> **THE TASK**
Take the line that contains "Al unir nuestras" and each line after it to the end of the material below, and return them exactly, minus the pictures.

> **GIVEN DATA**
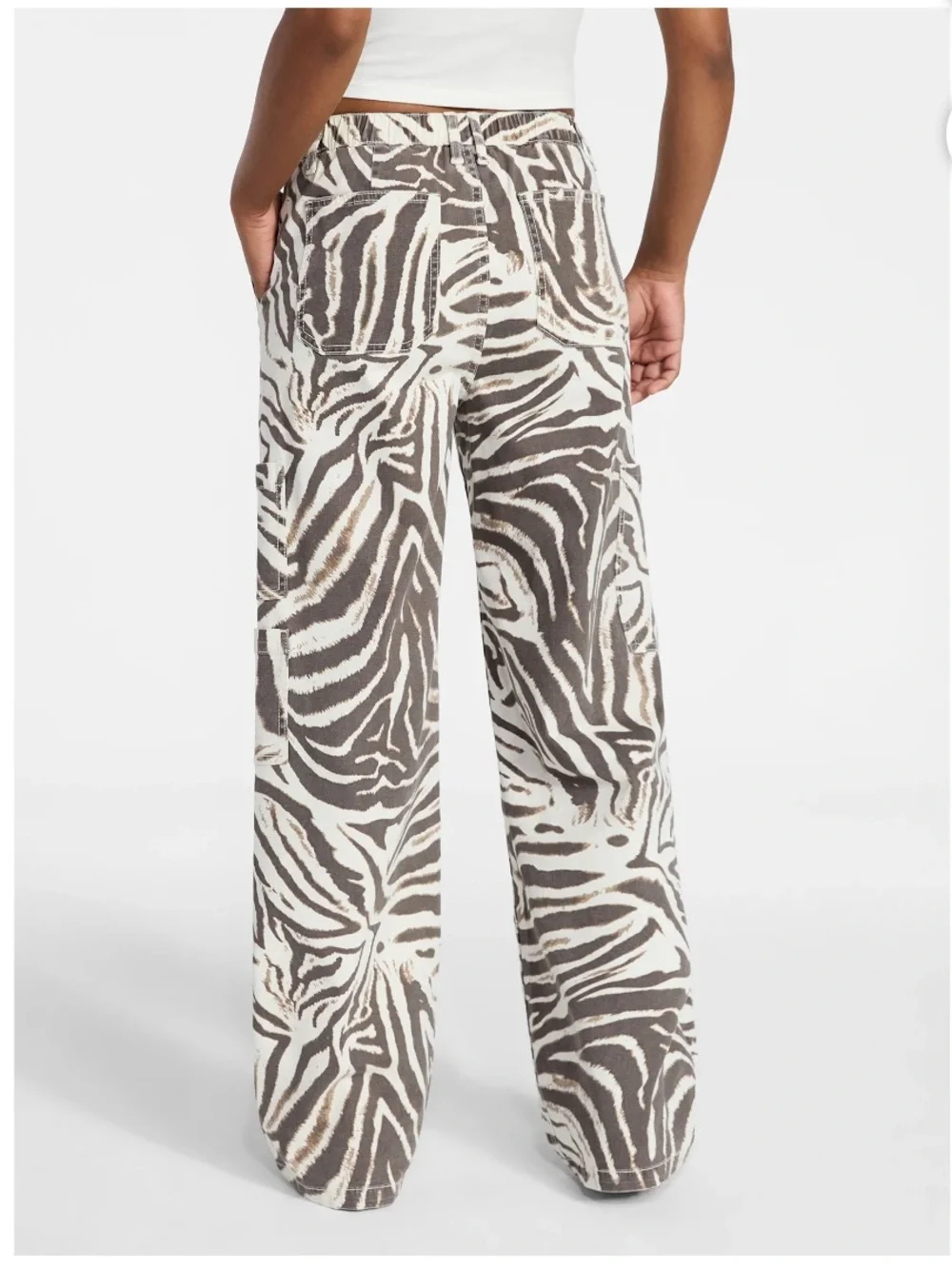 NWT! VIRAL Most Comfy EVER! No Boundaries Zebra Print Wide Leg Cargo Pants - Picture 2 of 15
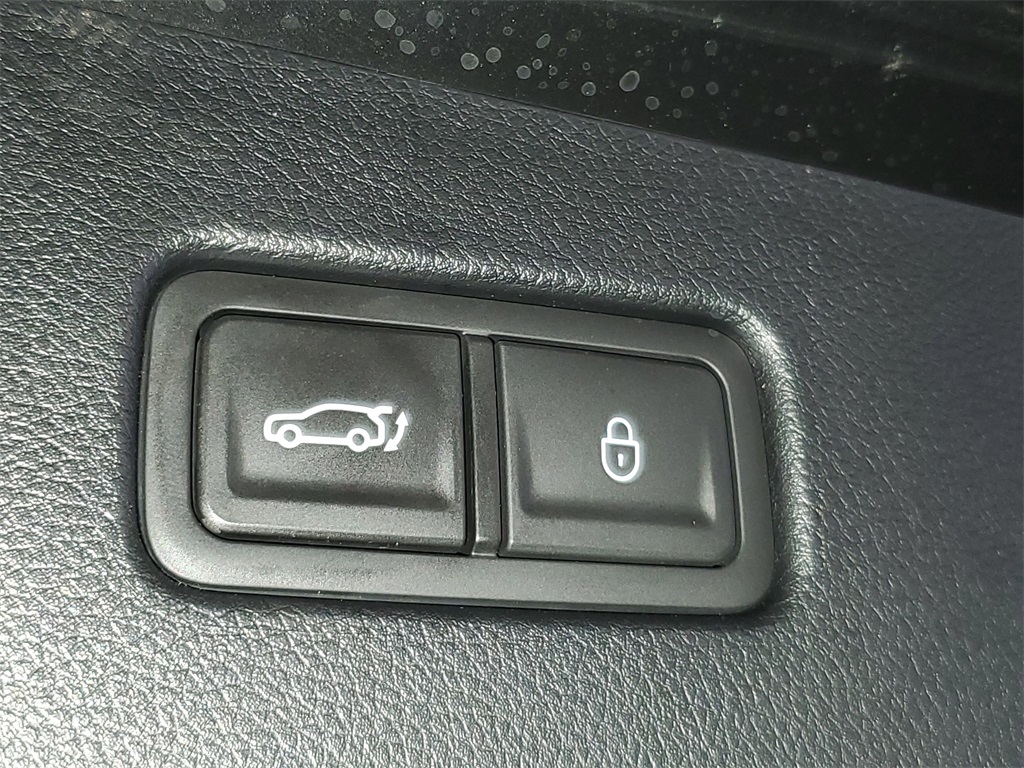 2023 Genesis GV70 2.5T photo 7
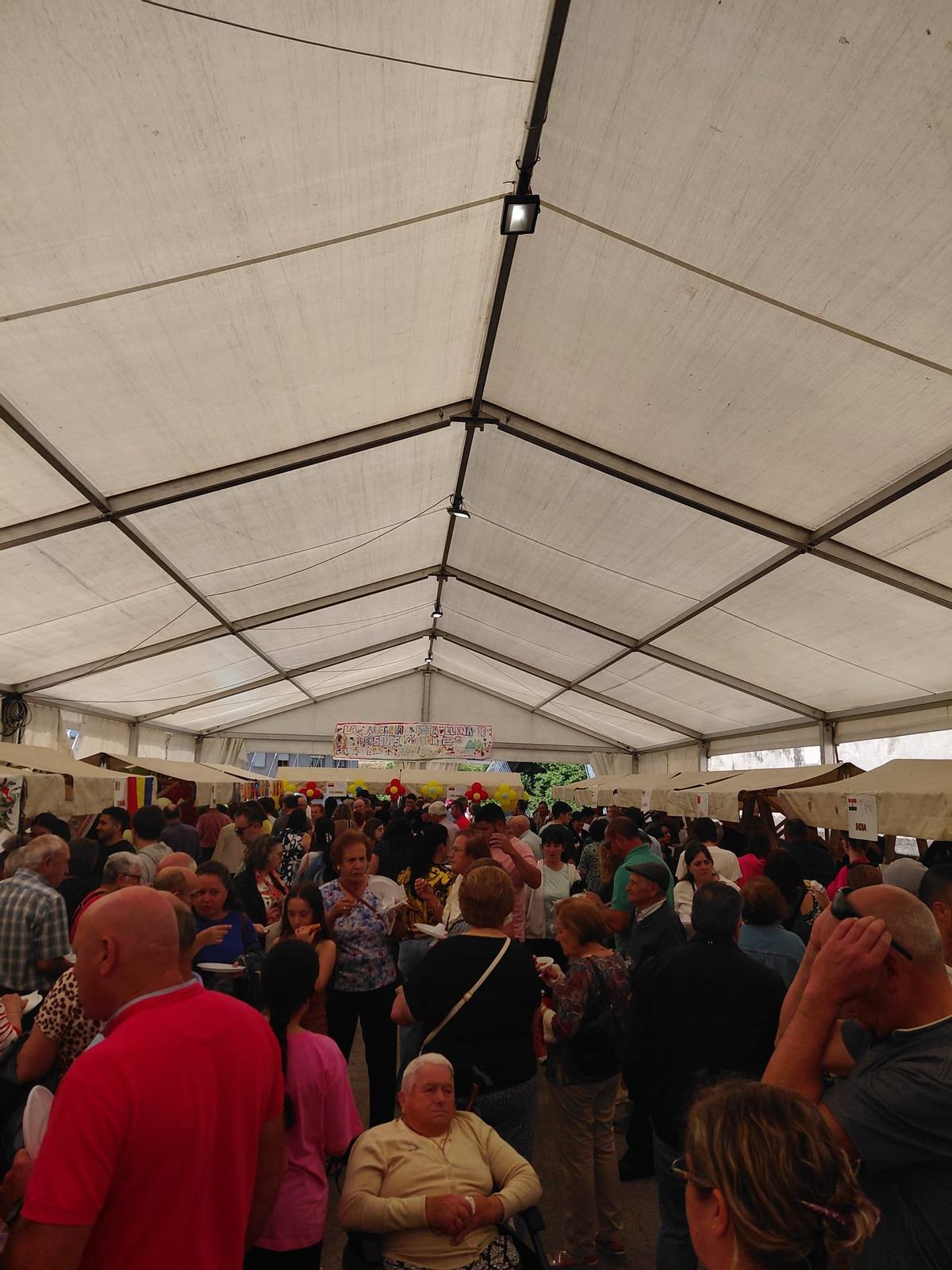 En imágenes: la jornada gastronómica y cultural "Saberes y sabores" triunfa en Cangas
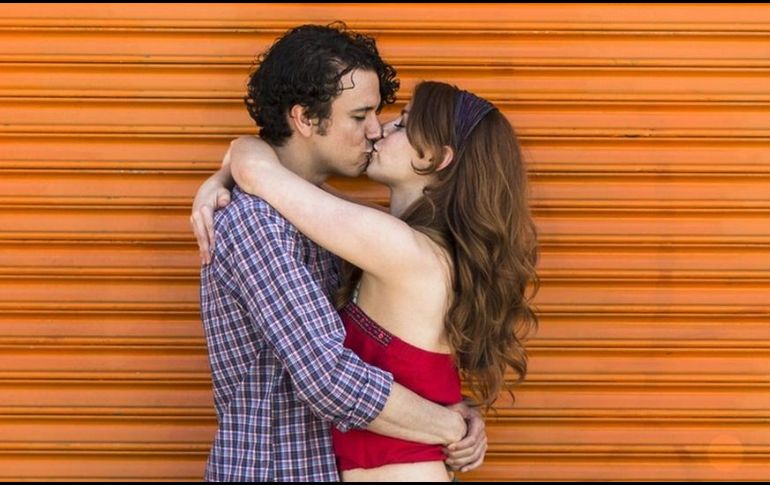 Al unir nuestras bocas, estos complejos ecosistemas plagados de bacterias pueden llegar a compartir muchas bacterias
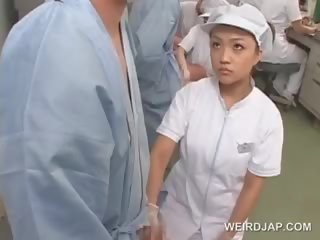 Непристойна азіатська медсестра тертя її patients starved укол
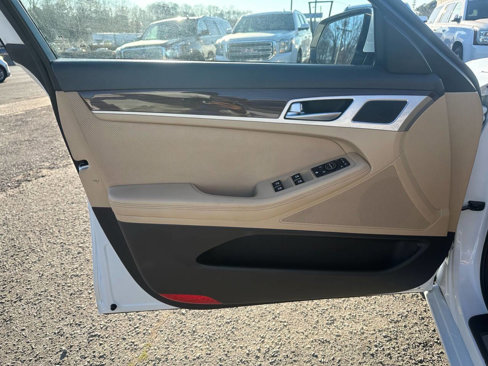Used 2015 Hyundai Genesis 3.8 image 8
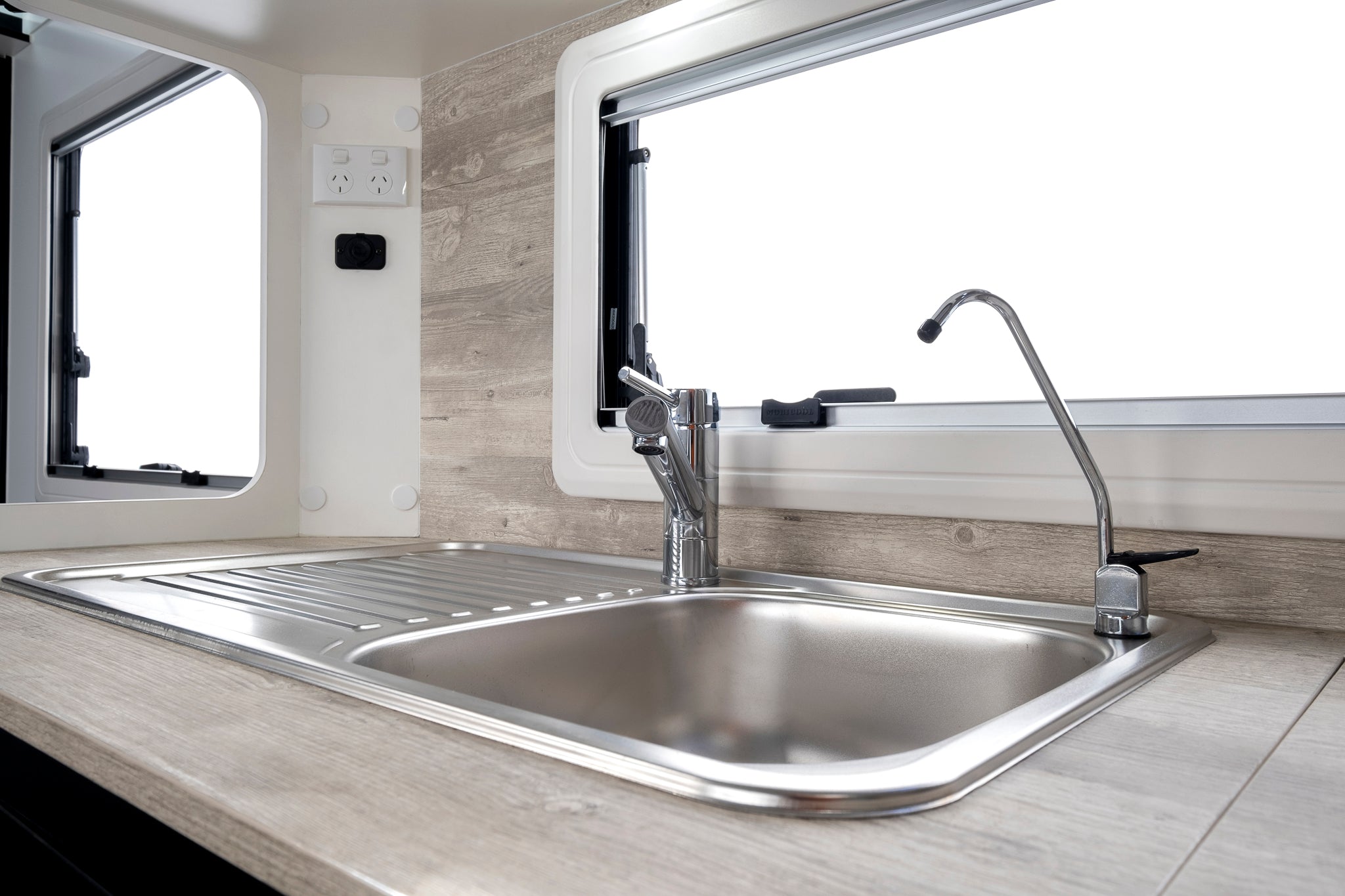 Windsor Genesis 196RD Kitchen sink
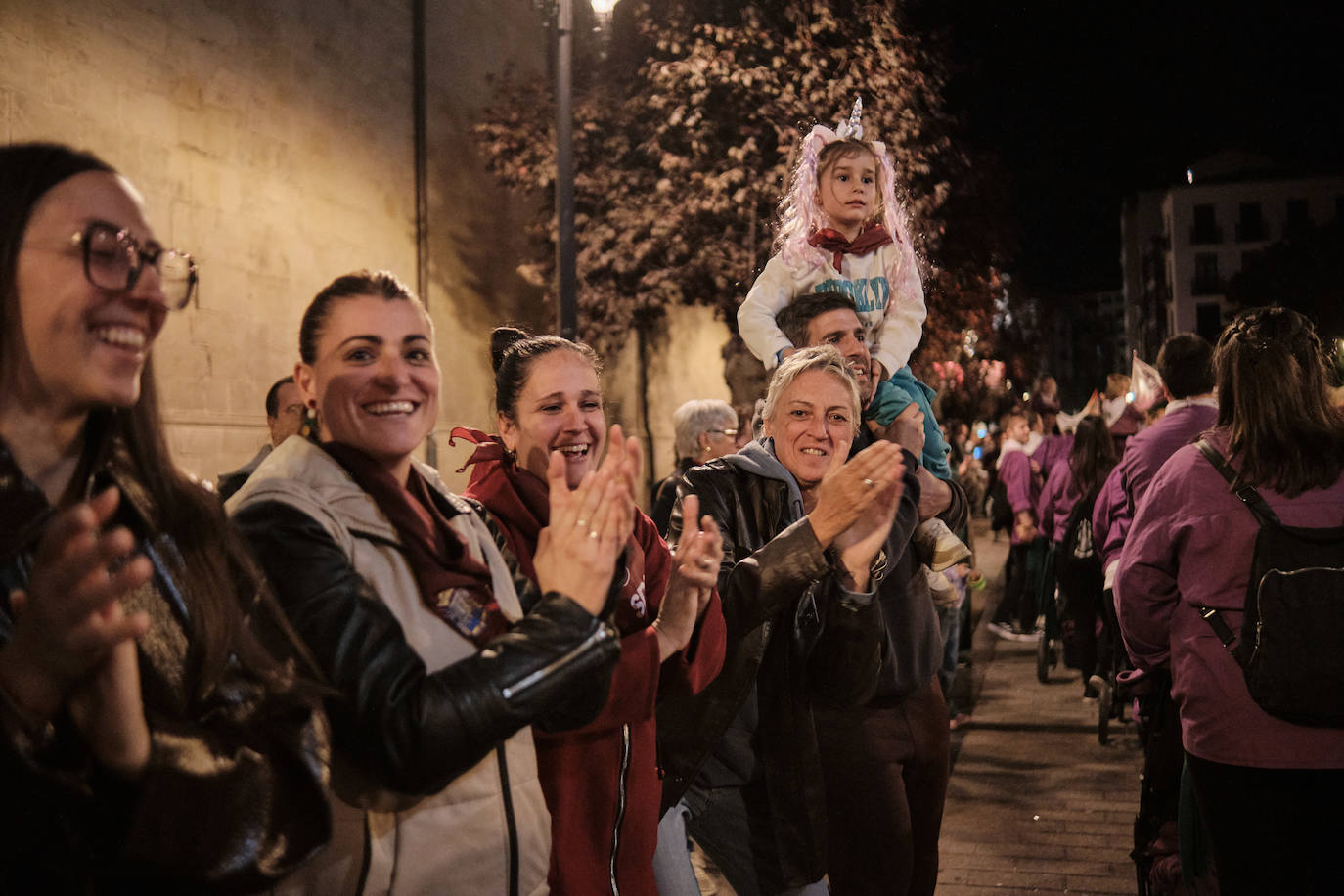 Las imágenes del desfile de las peñas por Logroño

> **RESPONSE TO THE EXERCISE**
 Al unir nuestras bocas, estos complejos ecosistemas plagados de bacterias pueden llegar a compartir muchas bacterias
 Непристойна азіатська медсестра тертя її patients starved укол
Used 2015 Hyundai Genesis 3.8 image 8
 Windsor Genesis 196RD Kitchen sink
 Las imágenes del desfile de las peñas por Logroño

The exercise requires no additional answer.